Be Your Own Boss
The hardest part about working for yourself is the fact that you’re both you own worst employee – and your own boss.

Not everyone is ready to ‘Go Freelance’ and start their own business, in translation or elsewhere. There are a lot of hurdles that people put in front of themselves – lack of confidence, lack of preparation, or even simply a lack of perceiving the right moment when it comes along. And certainly not everyone in the world should go freelance. It takes a certain personality type, I think. Not only do you have to be comfortable with a lack of a ‘safety net’ in the form of benefits and co-workers, you have to be happy working alone with little interaction with people every day.

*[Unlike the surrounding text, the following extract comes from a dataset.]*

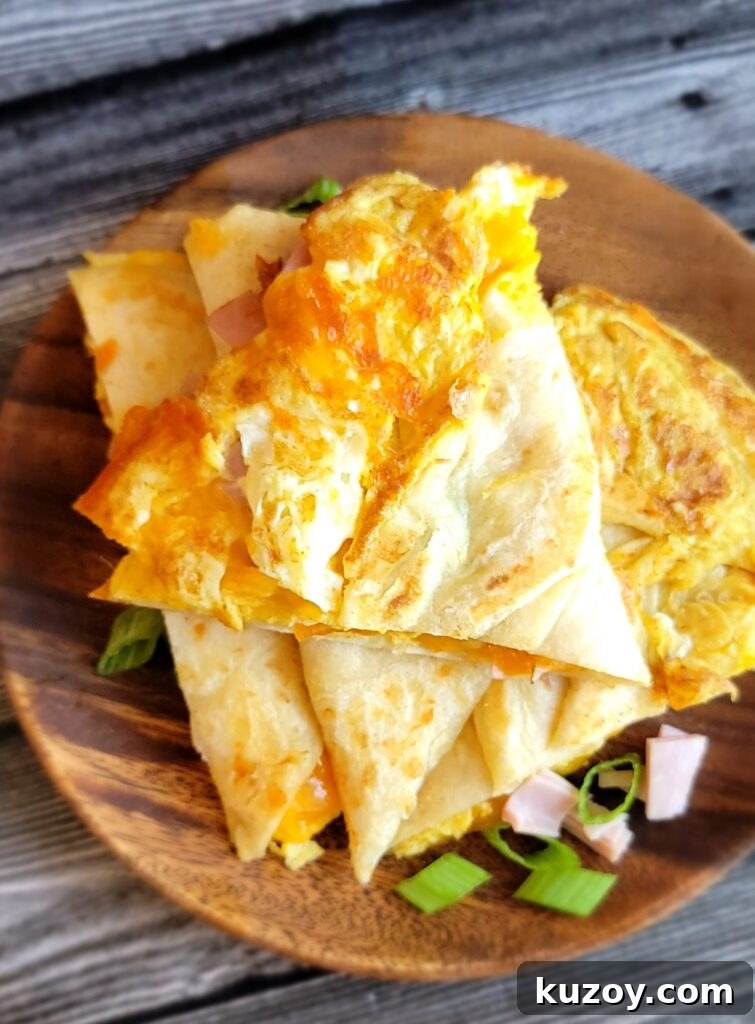 Sliced breakfast quesadilla served on a plate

But the most important personality trait that you simply must possess to make a go of freelancing, and the one personality trait that many folks lack, is the ability to be a boss to yourself.
Running Things
A boss isn’t simply a pompous figurehead who motivates everyone by threatening to fire them. A boss does so much more than that every day, and there’s a reason it’s such a popular meme for employees to despise and mock their boss when outside the office. The boss gets to do all the unpleasant stuff, and when you go freelance, you have to take on all of that.
Well, not all of it, of course, because you’re just one person so you only have your own bad habits, not an entire office’s. But the fact remains that when you work for yourself you become your own boss, and aside from the empowering implications of that there are also some very unfortunate implications – because you have to take on some very unpleasant tasks.
Hating Yourself
After all, you’ll have to make sure you get out of bed every morning and that you’re sitting at your desk on time every day. You’ll have to make certain you don’t pop off to watch television during the work day, that you don’t nap away your afternoons, and that your projects are organised and under control. You’re have to have a marketing plan and force yourself to follow it. Being your own boss isn’t easy, because you can so easily negotiate with and bribe yourself.
Here are my tips for being your own boss successfully:
Be positive. The worst thing you can do, especially when business is slow, is get down on yourself and over-analyse. All businesses have slow times – it doesn’t mean you’re a bad boss.
Be persistent. Not every decision or strategy bears fruit immediately. When you make a decision about your business, stick with it long enough to really know if it’s working.
De forgiving. If a strategy does in fact fail, shrug it off. Self-criticism is useless.
Be organised. Have a plan, have a schedule – and stick to them.
These are simple pieces of advice, but it’s really all you need to be your own boss. Just remember that you’ll always be your own worst employee!